No momento, interessa mais para as atuais observações, acima de tudo, um registro. Não se tratam de relações antigas e modos de produção herdados do passado. Representam, novas formas de organização da produção, construídas na atualidade. Dito de outro modo, no caso específico desta atividade, o capital não adentrou no campo exclusivamente sob o sistema “capitalista de produção”, mas associou-se a outra forma de relação social, bem mais rudimentar, ou, no mínimo, não-moderna, no anúncio inicial dos Procuradores do Trabalho. [7]
Este não é um exemplo isolado de formas graves de exclusão social que nos exigem uma postura ativa, que nos desperte da cega confiança no mercado e que supere uma concepção meramente formal-jurídica da igualdade. No passado, nunca houve trabalho escravo junto à indústria têxtil, no Estado de São Paulo. O desenvolvimento econômico deste ramo ocorreu com a contribuição do trabalhador imigrante europeu. Ao contrário, em tempo mais recente, já se investigou a eventual utilização de mão de obra de países vizinhos em condições análogas à escravidão, no centro da cidade de São Paulo, pólo mais desenvolvido da economia sul-americana. [8]
3. A exclusão globalizada
Na história do Brasil, não se tem noticia de nacionais “trabalhando” na condição de mercenários de guerra. Nos dias atuais, diversamente, observa-se a tentativa de recrutamento de supostos vigilantes para alegadas empresas de segurança do Irã. [9]

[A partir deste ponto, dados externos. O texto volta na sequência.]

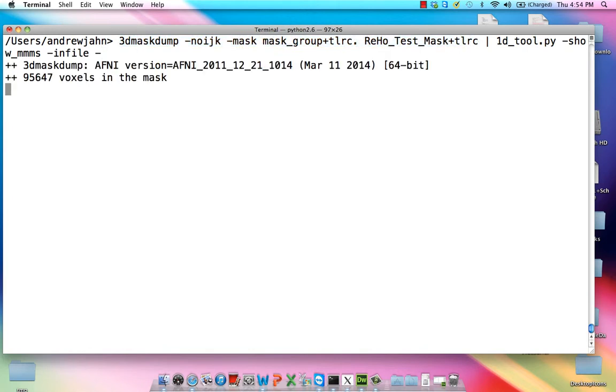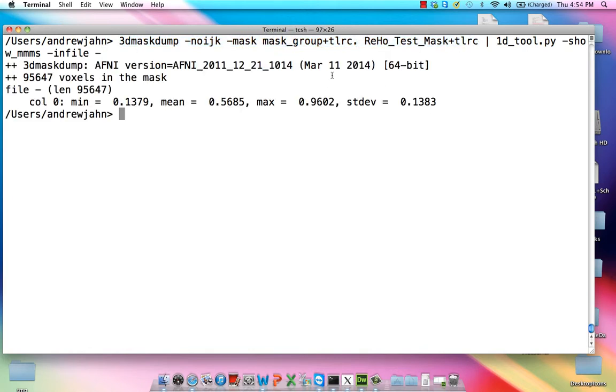We hit enter, and we get a bunch of different values. We're going to focus on the mean and also the standard deviation. Notice the mean is 0.57 roughly, standard deviation is 0.14 across all of the voxels for this whole brain mask.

Os registros anteriores confirmam a informação de que, além de resquícios do passado, existem novas formas de trabalho não modernas e tampouco “razoavelmente civilizadas” estimuladas ou mesmo construídas na atualidade, às vezes, até mesmo, com ineditismo histórico.
Neste quadro, os profissionais mais atentos do Direito do Trabalho não podem contentar-se com o simples reconhecimento das melhores práticas sociais, acreditando que as injustas sejam superadas com o simples passar do tempo e “previsível” ação das instituições de fiscalização e judiciária, entre outras tantas.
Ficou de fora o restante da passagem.